FIG. 6 is a flowchart illustrating exemplary operation of the information processing device at a time of performing optimization using a machine learning result.

DESCRIPTION OF EMBODIMENTS

In combinatorial optimization, it is considered to search for an optimum solution by a continuous relaxation solving method using a machine learning model. However, it is difficult to obtain a plurality of solutions.

In one aspect, an object of the present embodiment is to provide a machine learning program, a determination program, a machine learning method, a determination method, a machine learning device, and a determination device capable of obtaining a plurality of solutions in a combinatorial optimization problem.

Optimization problems exist in fields of various industries including a manufacturing industry and a distribution industry. In particular, a combinatorial optimization problem for optimizing a combination is one of the most important fields in the field of optimization. The combinatorial optimization problem is applied in various fields such as transportation, logistics, communication, finance, and the like.

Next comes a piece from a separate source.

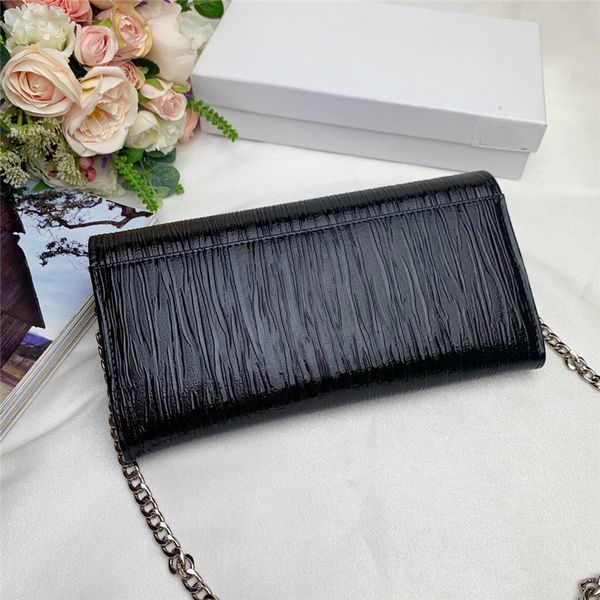 luxury fashion flip bag famous brand designer clutch bag ladies small chain shoulder bag sheepskin 2019 ladies handbag
luxury fashion flip bag famous brand designer clutch bag ladies small chain shoulder bag sheepskin 2019 ladies handbag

While a general-purpose solver, such as an Ising machine, searches for a constraint satisfaction solution using a penalty method, it is difficult to find a solution depending on a penalty coefficient. According to a local transition algorithm as in the Ising machine, only a local solution may be searched for, and it is difficult to obtain a plurality of solutions at a time.

With the development of information science, techniques aiming at high-speed solving of combinatorial optimization using machine learning have been developed. As one of the techniques, an optimization solving method based on continuous relaxation simulated annealing is exemplified. However, according to the optimization solving method based on the continuous relaxation simulated annealing, it is difficult to optimize a plurality of cost functions by a single training. Furthermore, it is needed to promote efficiency in a tuning operation of the penalty coefficient and to obtain various solutions.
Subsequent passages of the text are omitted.